Genomic and Physiological Basis of Structural and Foliar Trait Variation in Tropical Species Pterocarpus officinalis: Implications for Restoration in Future Drier Climates

Tropical wetlands are some of the most threatened ecosystems in the world. Pterocarpus officinalis exists in swampy wetlands in riparian and fresh-water coastal areas across the neotropics, supporting biodiversity and storm surge and flooding protection as well as water filtration. In Puerto Rico, P. officinalis-dominated forests have been severely declining in recent decades, mainly due to land development. Reversing this trend in the face of climate change and projected sea level rise via ecological restoration may benefit from understanding phenotypic traits suitable for future climates. Currently, there are no seed sourcing guidelines for restoration, due to the understudied nature of the species.
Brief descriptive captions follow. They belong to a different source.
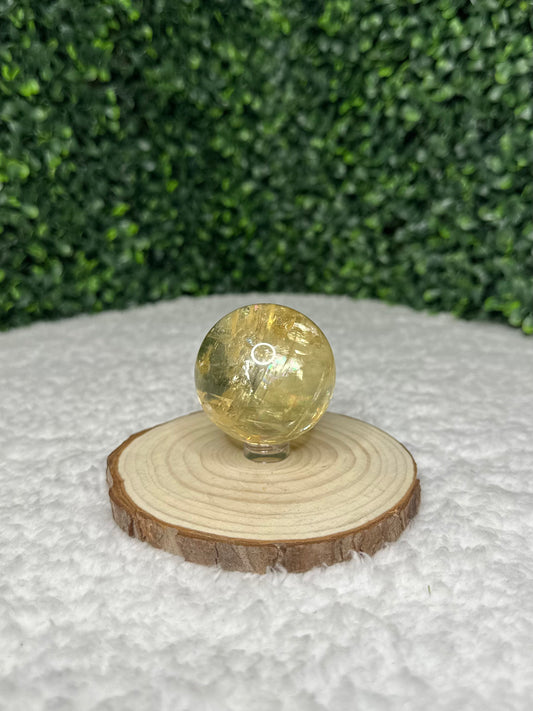 Yellow Calcite Sphere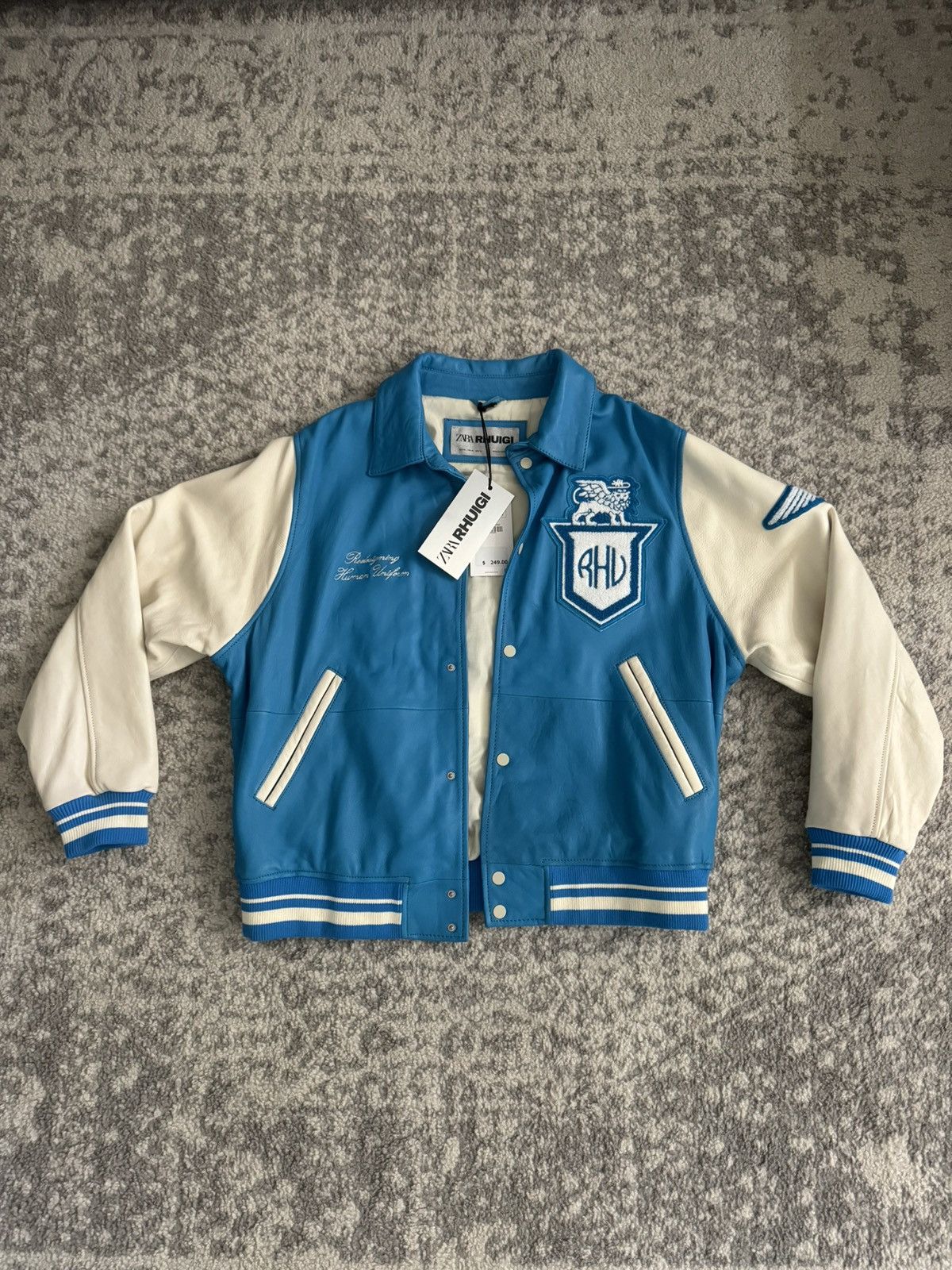 Zara Rhuigi Blue Jacket | Grailed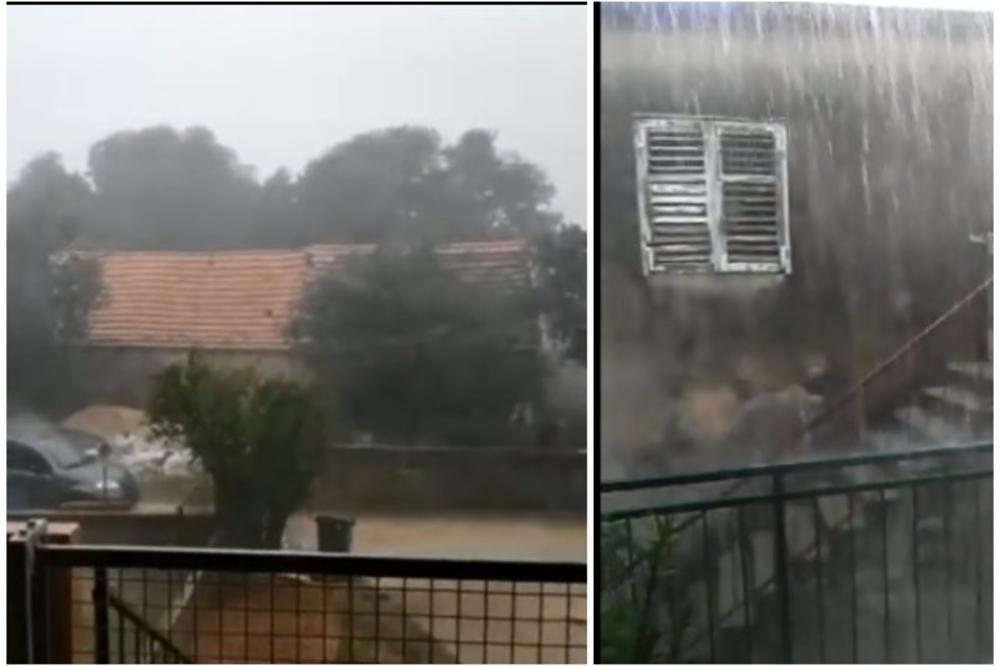 OLUJA UNIŠTILA ŠIBENIK: Kiša padala samo 11 minuta i napravila potop! Širi se i na ostatak zemlje! (VIDEO)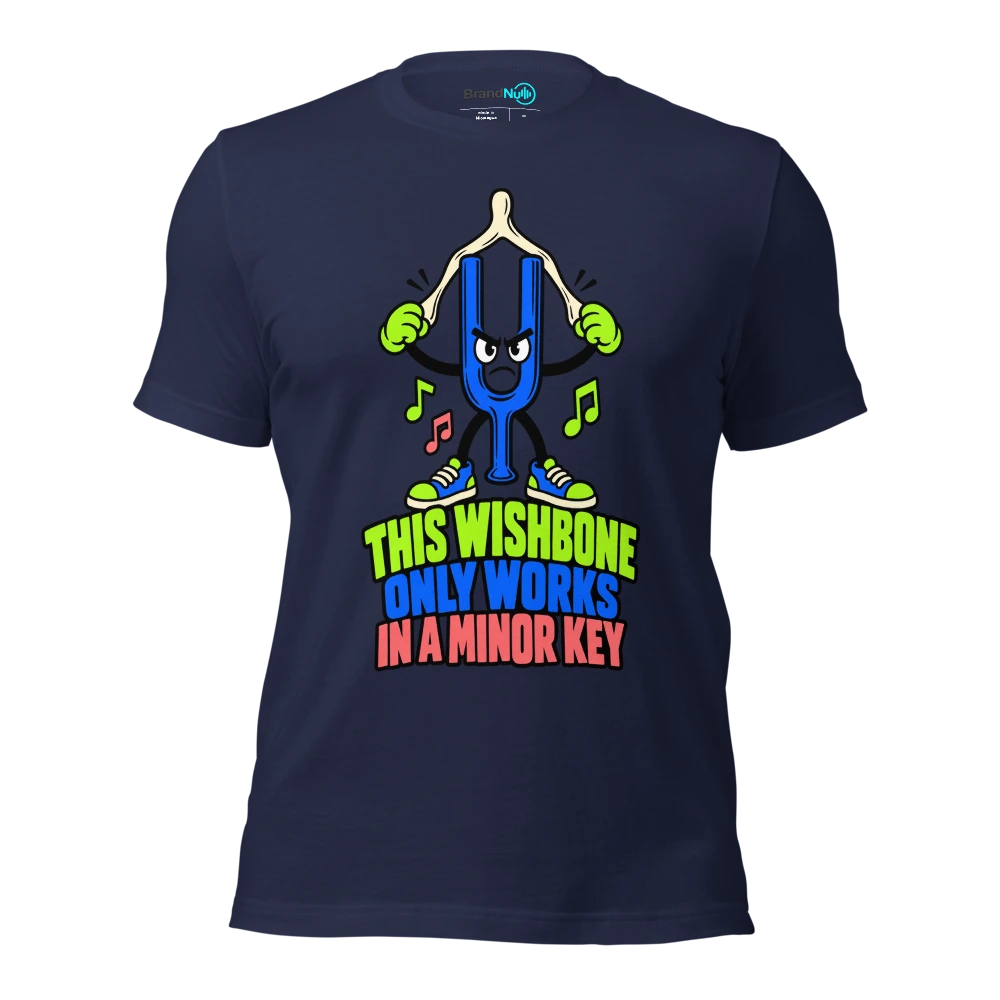 THIS WISHBONE ONLY WORKS IN A MINOR KEY T Shirt Navy Front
The goals of our study were to examine population structure and the genomic basis of variation in structural and physiological foliar traits. Seeds were collected from twelve seed sources spanning the natural distribution of P. officinalis in Puerto Rico. Water use efficiency related foliar traits were measured in well-watered conditions from seedlings grown in a nursery experiment. A total of 109 seedlings were whole-genome resequenced from 12 seed sources. Our results indicate strong foliar trait variation despite very little genetic differentiation among seed sources within the island, suggesting a relatively small number of genes might be involved in water-use efficiency traits. Eleven out of thirteen foliar traits varied significantly across seed sources. Trait variation was associated with either longitude, elevation, mean annual precipitation, or isothermality. Seedlings across seed sources were observed to have different strategies for managing water use. Candidate loci identified using Genome-Wide Association Studies were associated with signal transduction, transcription regulation, DNA and RNA methylation, transport, and primary and secondary metabolism. Restoration of this species is key in maintaining ecosystem services. Our study identified seed sources that may be successful in drier restoration conditions and match future arid climates.